Request to external memcached nodes send and retrieve data across the network. While these are typically small amounts of data, on a busy or slow network they can add to delay. If you expect a lot of traffic be sure to have a fast network.
Multiple BI Servers with Memcache
Multiple servers can be configured to use Memcache. There is not even a requirement that each of the servers be configured to use the same set of memcache servers. If, for some reason, the servers were configured to use different extended caches, or had local caching turned on, then each individual severed would need to have the cache flushed.
Reloading Data and Invalidating the Cache
When new data is entered into the data mart via the ETL process, Mondrian does not automatically know the data is no longer valid. With local caching this disconnect would eventually be resolved automatically (although not deterministically) through the garbage collection process.

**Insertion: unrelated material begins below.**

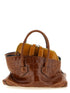 The Attico La Passeggiata Mini Handbag Brown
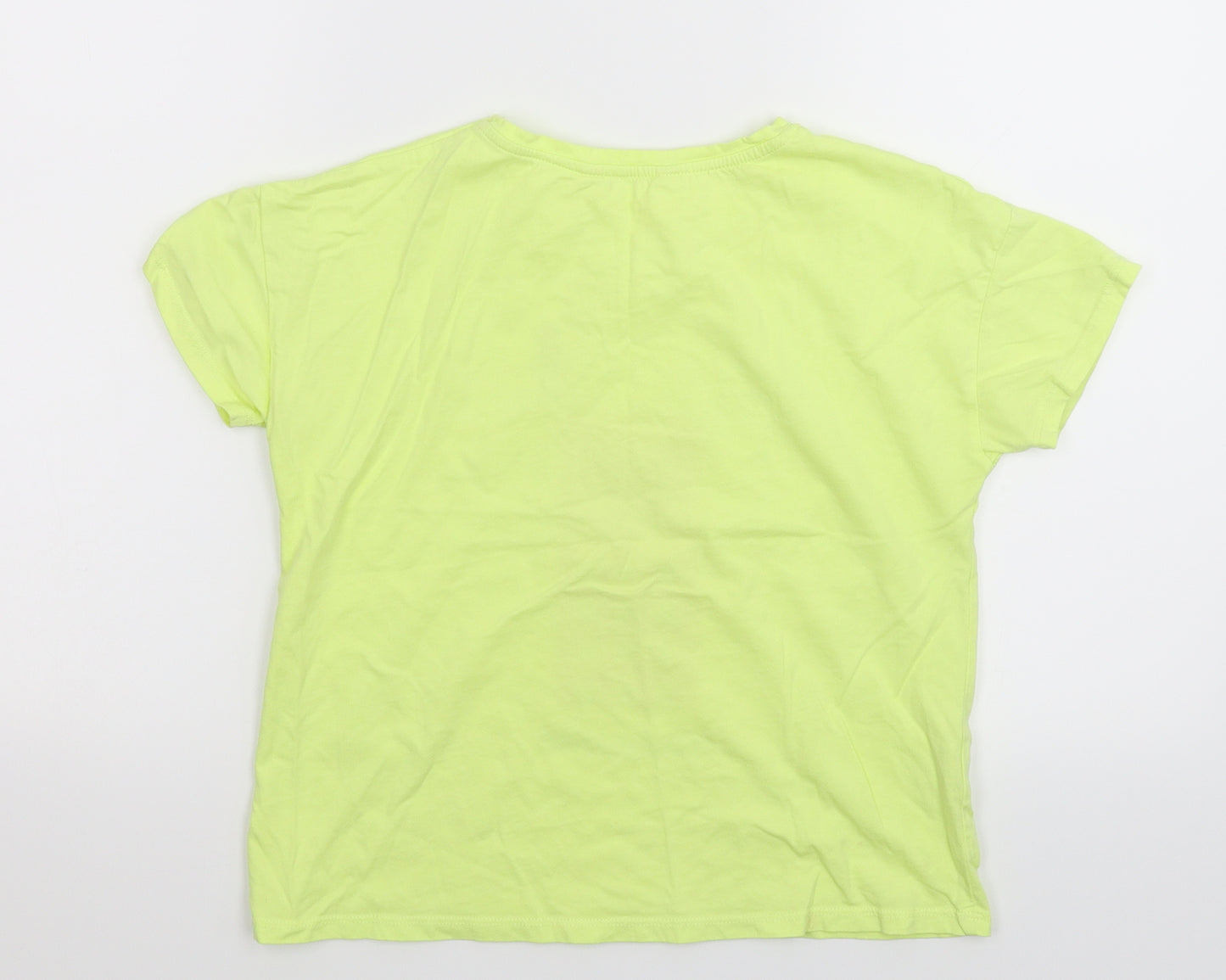 Mango Girls Green   Basic T-Shirt Size 9-10 Years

However, with memcached extended caching, the segments can stay around indefinitely. This means that an approach, ideally automated, needs to be available to flush the caches when the data mart is updated. Two (or more?) approaches can be used to solve this problem. Either implement a DataSourceChangeListener or use the SPIs to call Mondrian and invalidate the cache. This capability will be the subject of a future post.
Timeout Errors when Running Analysis
When a configured memcache node is not available, pretty bad things start to happen. The most noticeable feature is that the user gets a timeout exception on their report. This generally indicates that a memcache instance has failed or there is a configuration problem. Check the catalina.out files for details in order to troubleshoot.